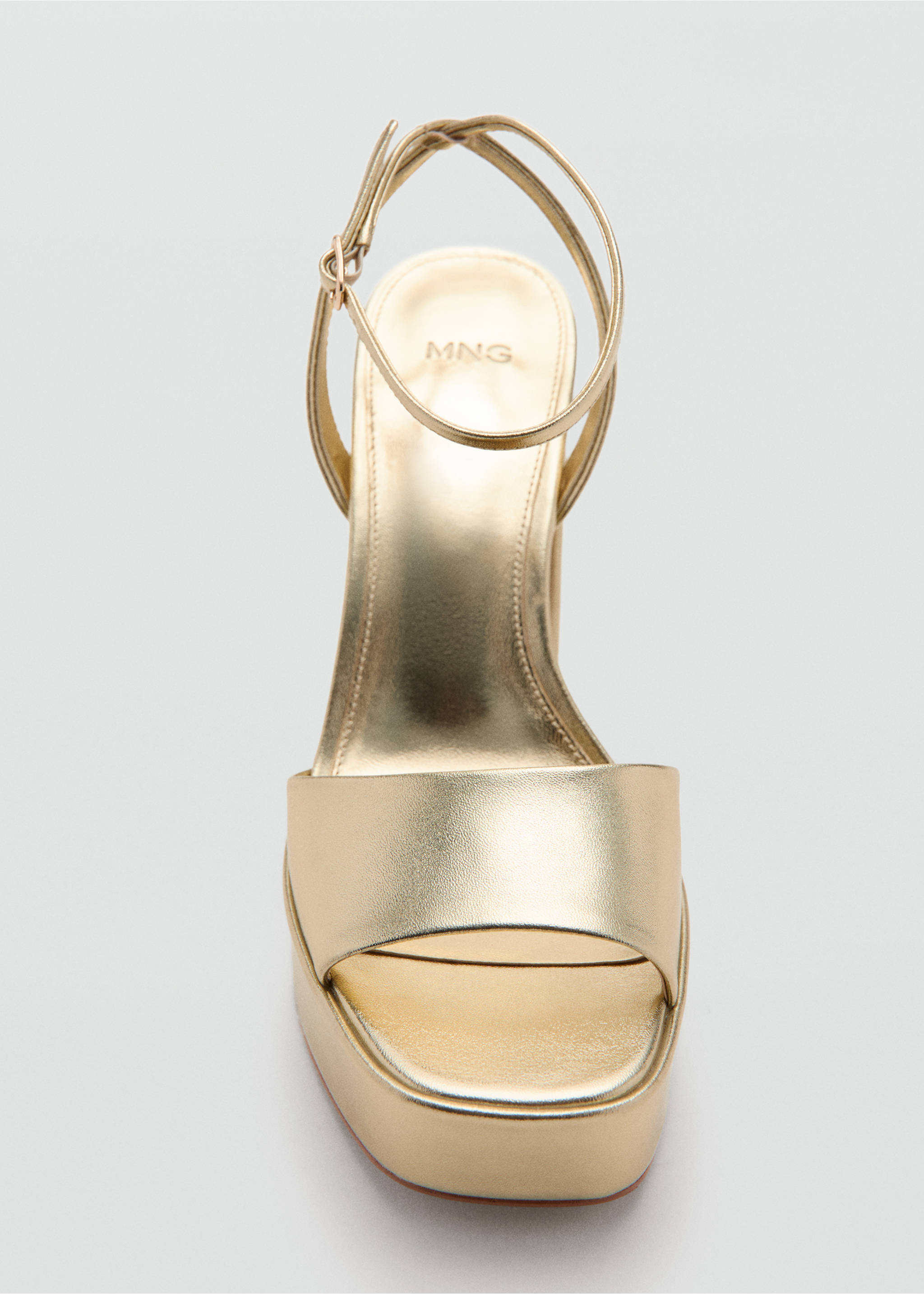 Sandália de salto com efeito metalizado - Pormenor do artigo 3, Ouro. Ref: 27087776-00.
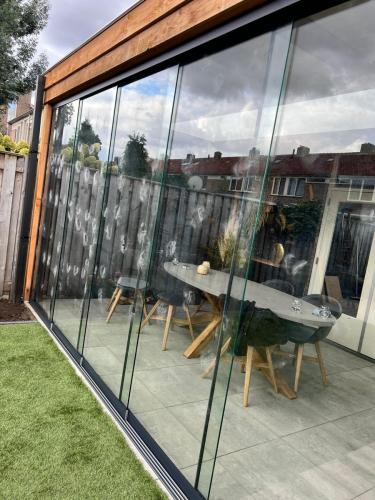 171c88cc-1501-49cf-b84b-ad7c1dc789c4-2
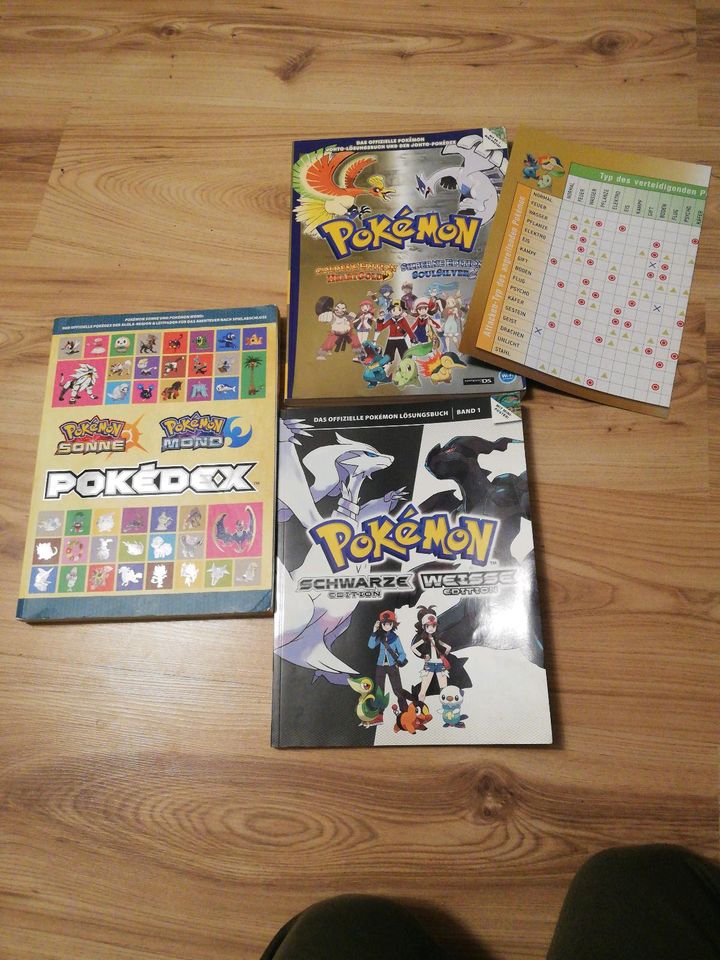 Pokemon Lösungsbuch Pokédex schwarz weiß Sonne Mond silver gold in Gemünden a. Main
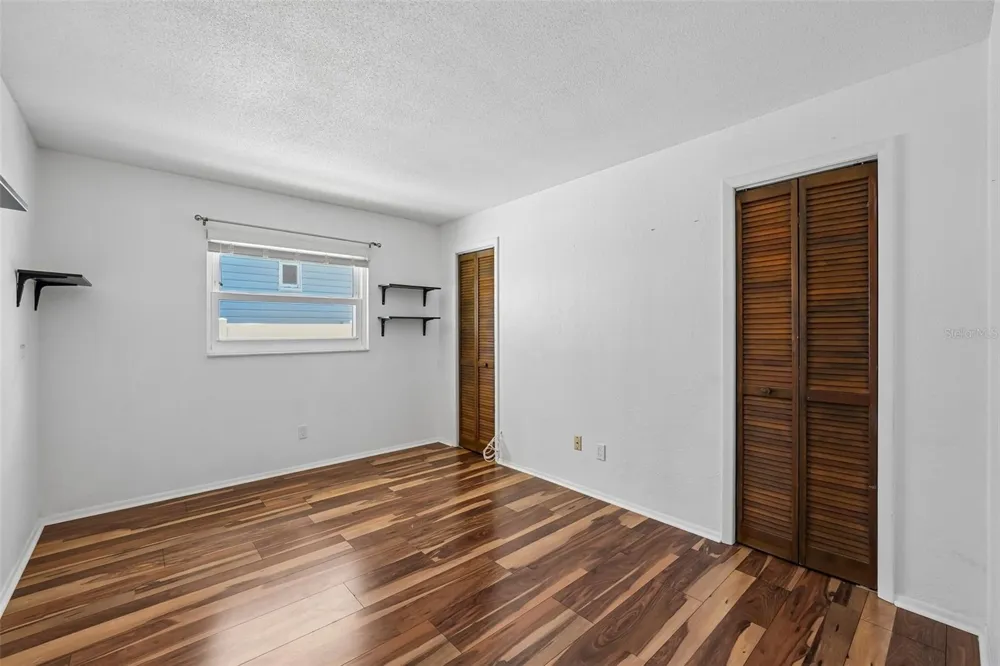 144 8TH AVENUE St Petersburg, FL 33701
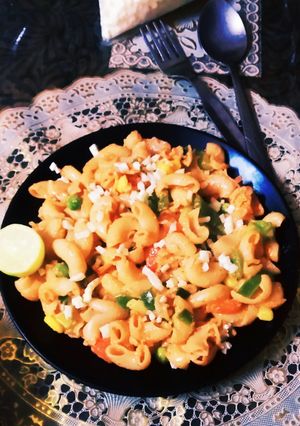 A picture of Creamy And Cheesy Peri Peri Suace Macaroni.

# [EXERCISE REQUIREMENTS]
Give back every entry in its exact wording, leaving the pictures out.

# [RESPONSE BOX]
 Sandália de salto com efeito metalizado - Pormenor do artigo 3, Ouro. Ref: 27087776-00.
 171c88cc-1501-49cf-b84b-ad7c1dc789c4-2
 Pokemon Lösungsbuch Pokédex schwarz weiß Sonne Mond silver gold in Gemünden a. Main
 144 8TH AVENUE St Petersburg, FL 33701
 A picture of Creamy And Cheesy Peri Peri Suace Macaroni.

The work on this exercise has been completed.